◆ **What you will do**:
Repeat the listing verbatim. Drop any pictures.

◆ **Dataset extract**:
*** Begin section ***
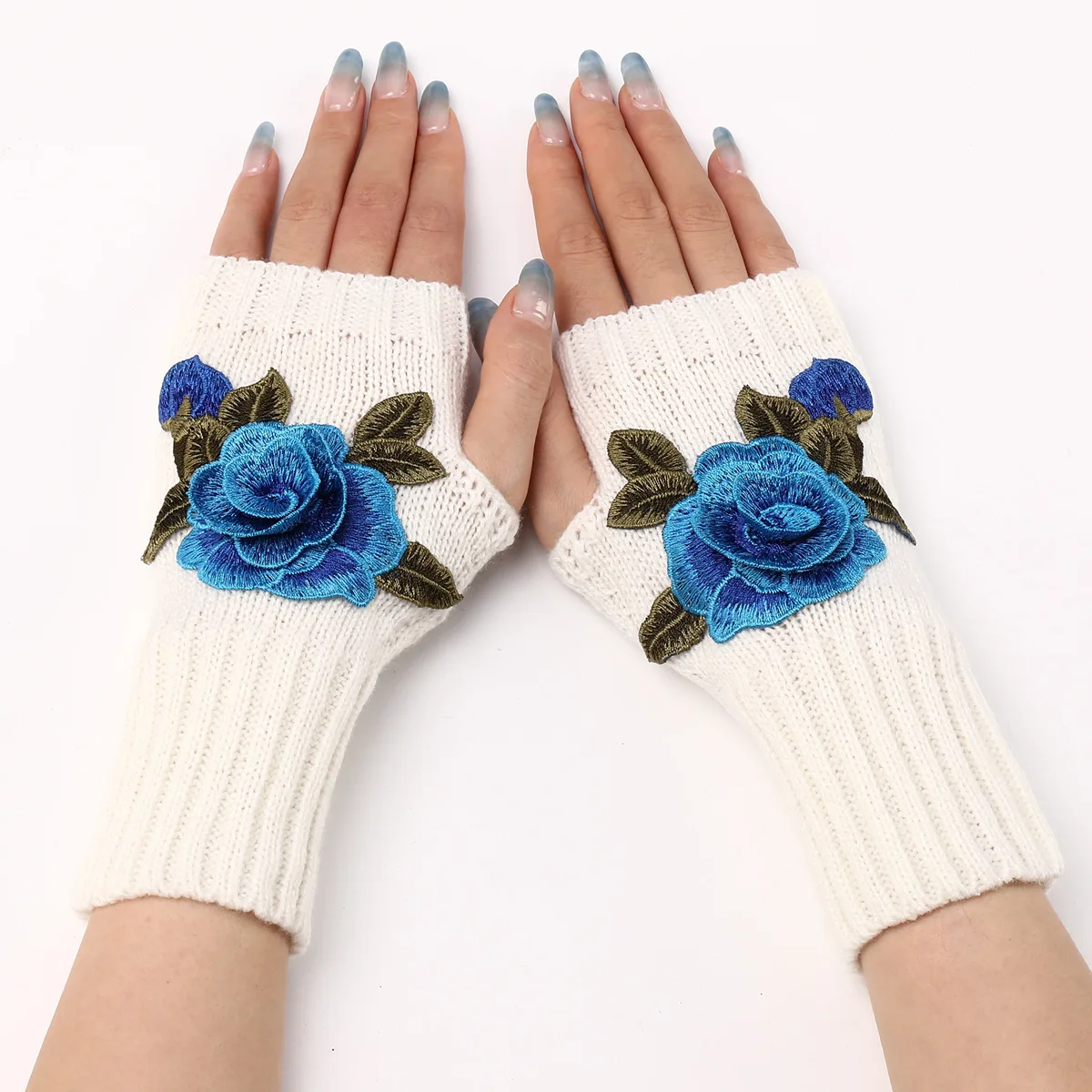 2024 New Autumn Winter Women\'s Short Fashion Embroidered Flower Gloves Knitted Wool Sleeves Warm Mittens Fingerless Gloves Women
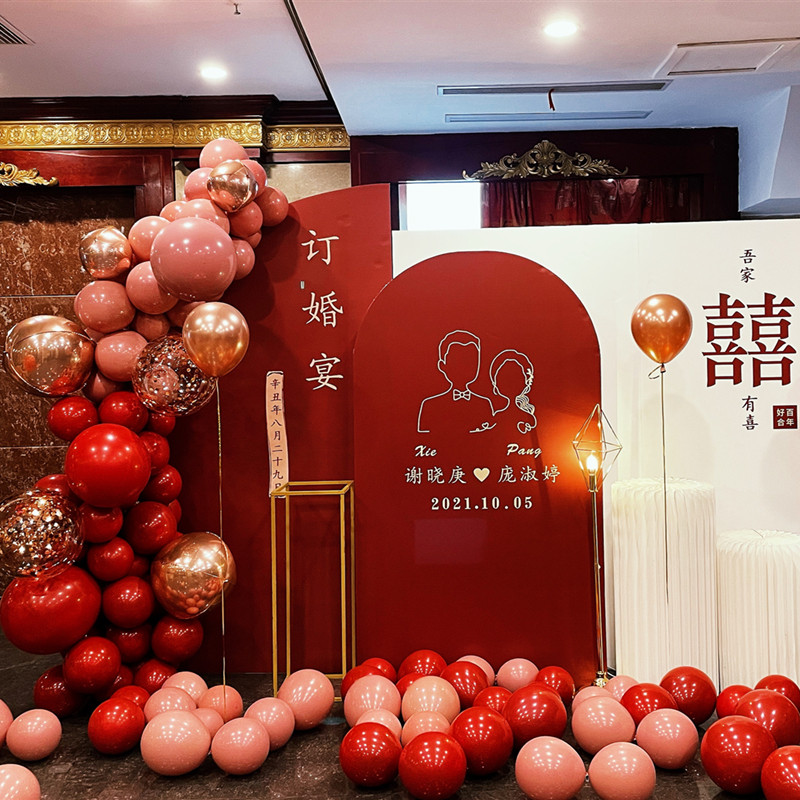 商丘同城气球装饰结婚礼场景布置订婚宴结酒店背景墙气球上门布置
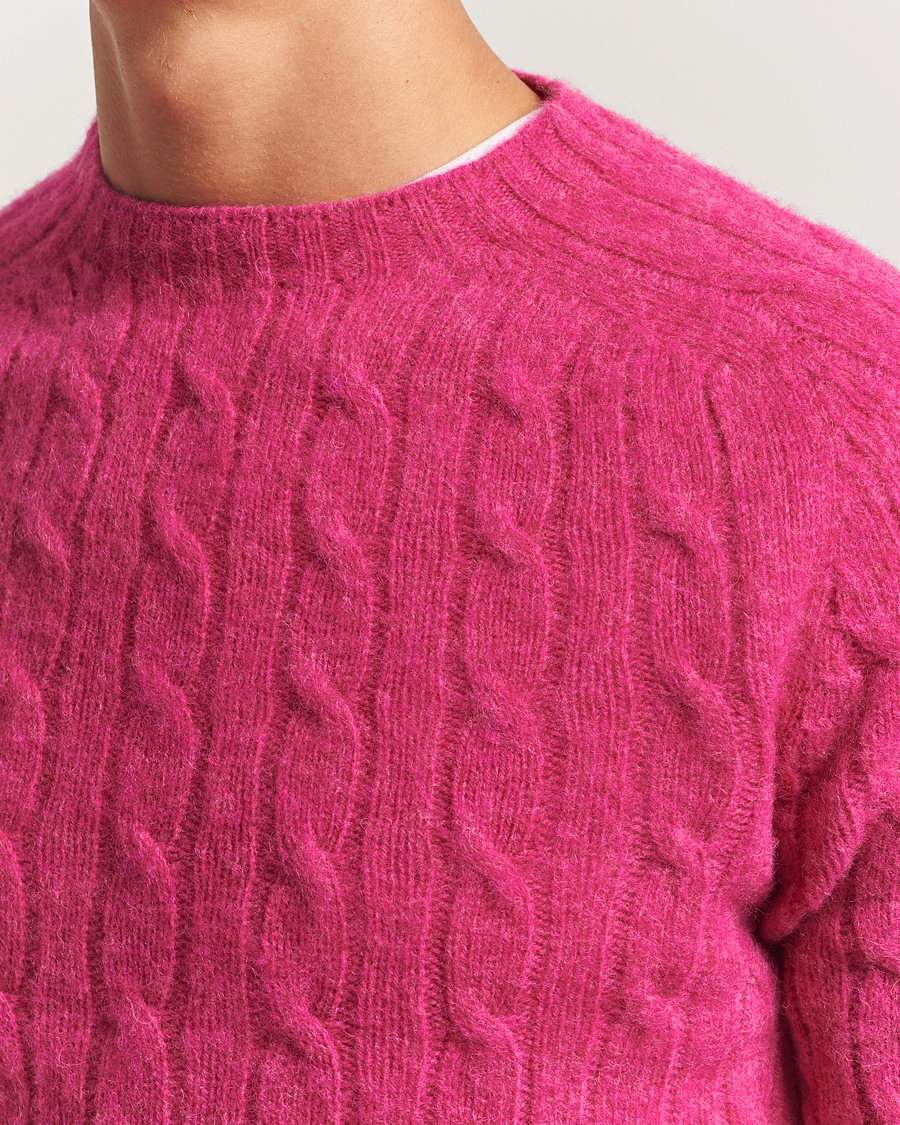 Herre | Trøjer | Morris | Brushed Cable Sweater Pink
*** End section ***
◆ **Solved exercise**:
 2024 New Autumn Winter Women\'s Short Fashion Embroidered Flower Gloves Knitted Wool Sleeves Warm Mittens Fingerless Gloves Women
 商丘同城气球装饰结婚礼场景布置订婚宴结酒店背景墙气球上门布置
 Herre | Trøjer | Morris | Brushed Cable Sweater Pink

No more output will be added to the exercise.